*** DATASET RECORDS ***

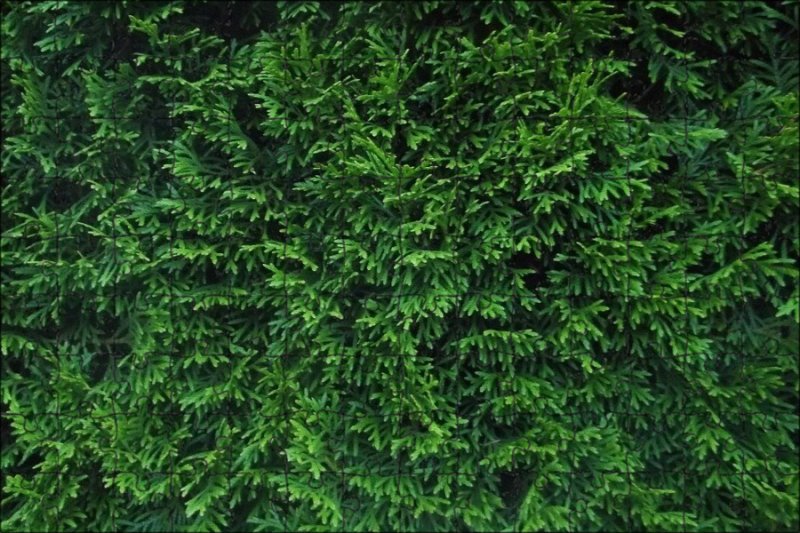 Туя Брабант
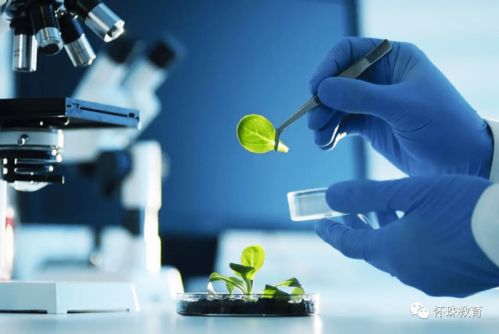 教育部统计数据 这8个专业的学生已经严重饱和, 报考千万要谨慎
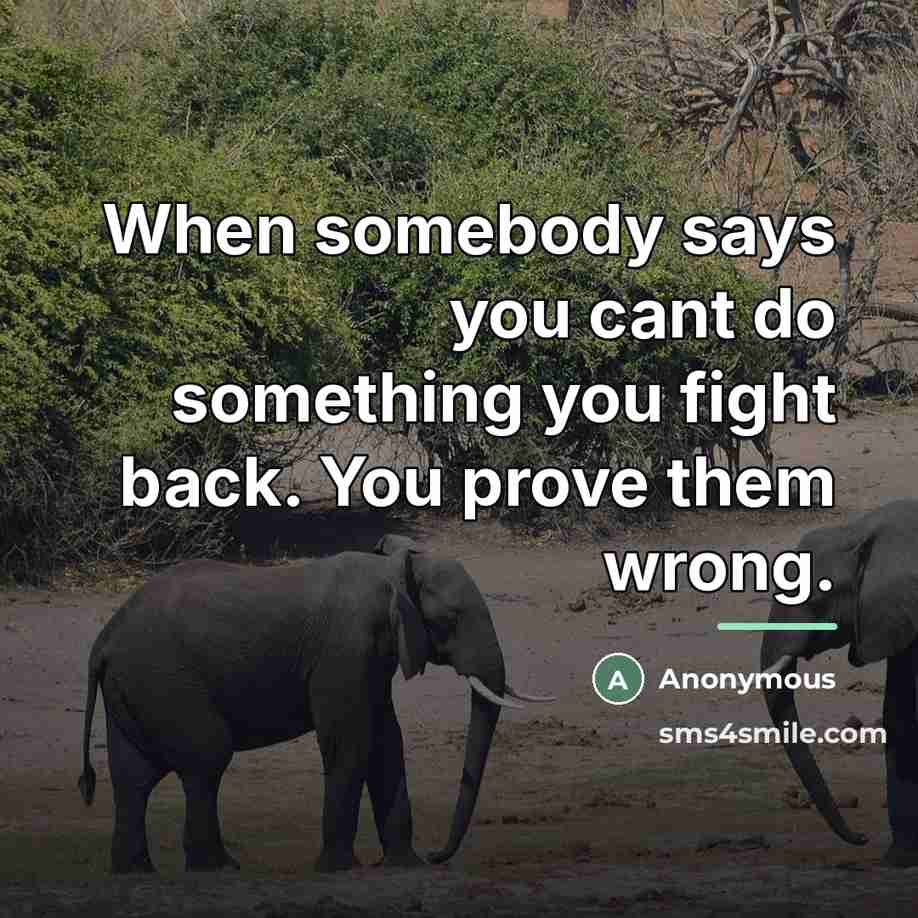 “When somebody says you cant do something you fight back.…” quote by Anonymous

*** End of DATASET RECORDS ***
*** DATASET RECORDS ***

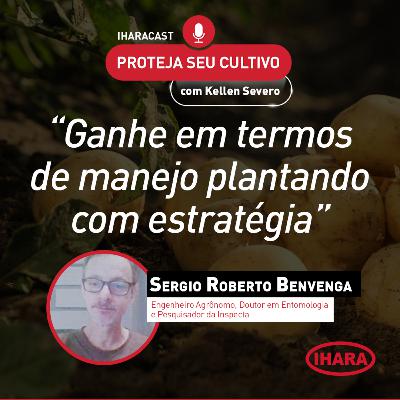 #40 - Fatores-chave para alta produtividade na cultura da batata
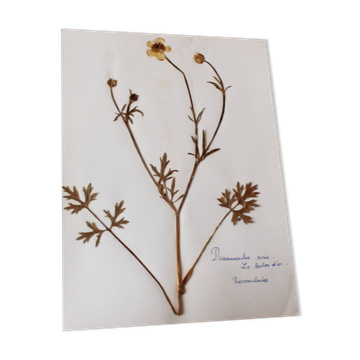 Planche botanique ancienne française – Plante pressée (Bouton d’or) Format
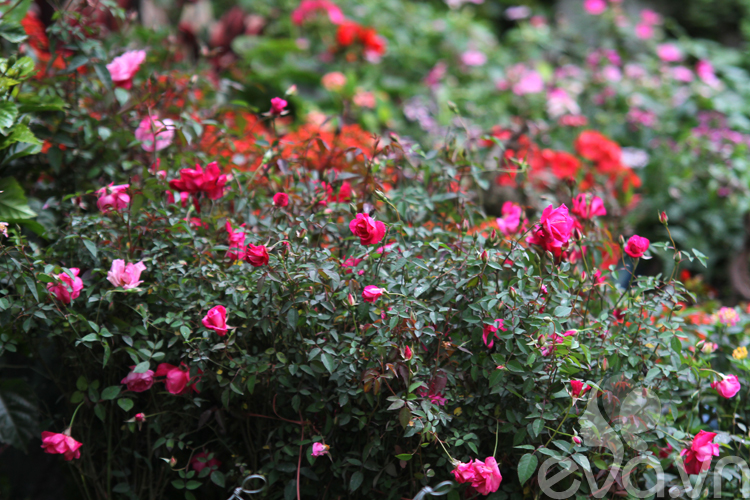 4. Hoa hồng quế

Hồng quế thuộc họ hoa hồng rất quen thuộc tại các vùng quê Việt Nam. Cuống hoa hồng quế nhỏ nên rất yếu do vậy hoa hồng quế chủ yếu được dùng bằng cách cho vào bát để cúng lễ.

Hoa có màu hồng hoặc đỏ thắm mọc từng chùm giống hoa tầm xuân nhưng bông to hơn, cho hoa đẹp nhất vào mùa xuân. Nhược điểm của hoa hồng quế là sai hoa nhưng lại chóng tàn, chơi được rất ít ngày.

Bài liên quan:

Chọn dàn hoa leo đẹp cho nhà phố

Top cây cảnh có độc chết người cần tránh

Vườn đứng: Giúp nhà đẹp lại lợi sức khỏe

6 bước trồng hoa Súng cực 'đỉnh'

*** End of DATASET RECORDS ***
*** DATASET RECORDS ***

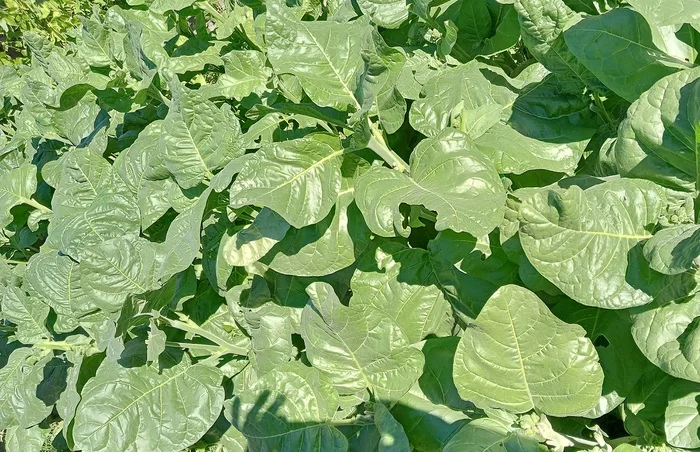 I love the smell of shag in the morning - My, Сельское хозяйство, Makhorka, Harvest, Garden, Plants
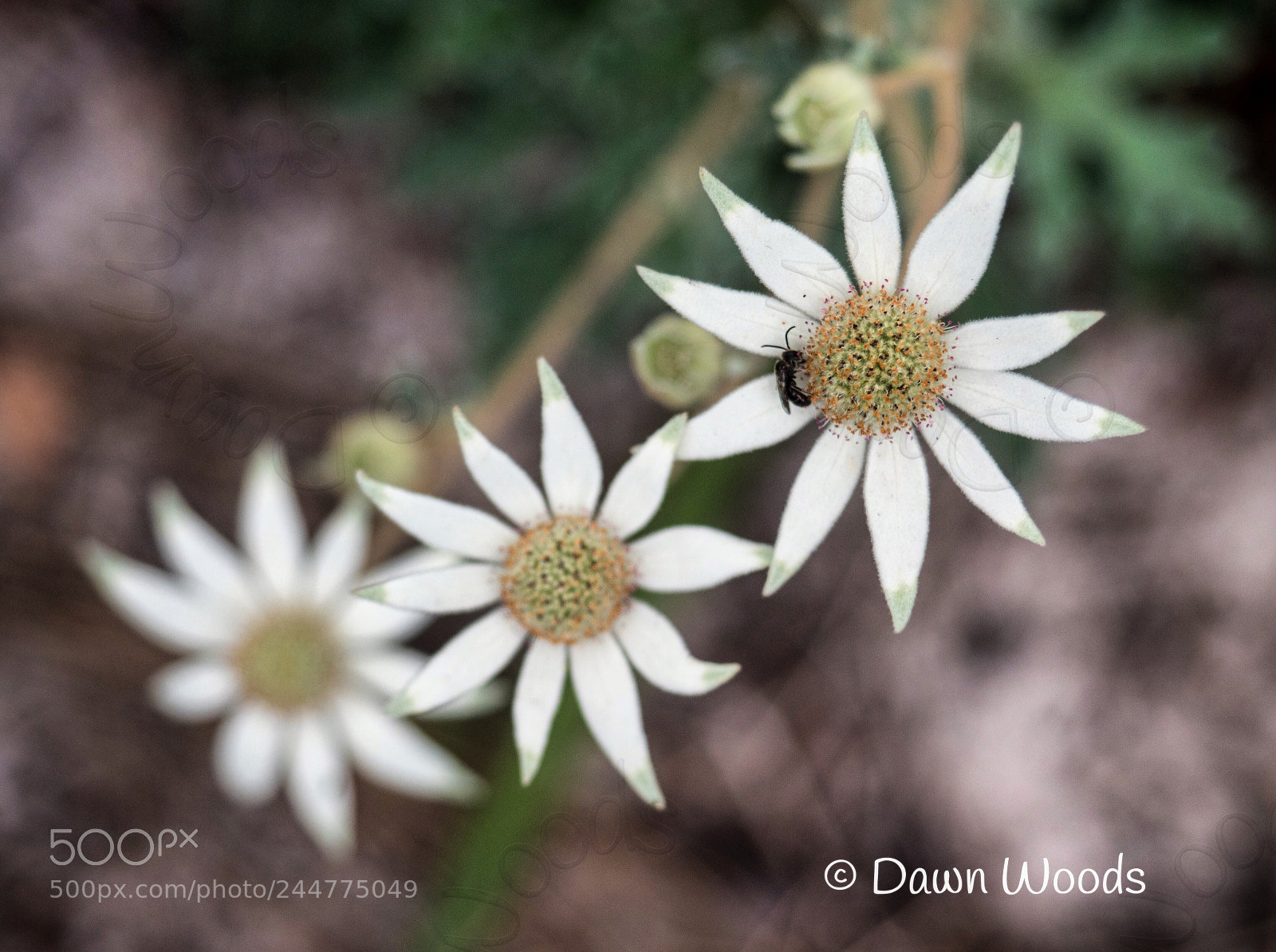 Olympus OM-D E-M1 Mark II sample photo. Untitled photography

*** End of DATASET RECORDS ***

THE TASK:
Copy the entries above exactly, but only the stretch from the line containing "4. Hoa hồng quế" through the line containing "Hồng quế thuộc". Keep both end lines; drop the pictures.

WRITTEN SOLUTION:
 4. Hoa hồng quế

Hồng quế thuộc họ hoa hồng rất quen thuộc tại các vùng quê Việt Nam. Cuống hoa hồng quế nhỏ nên rất yếu do vậy hoa hồng quế chủ yếu được dùng bằng cách cho vào bát để cúng lễ.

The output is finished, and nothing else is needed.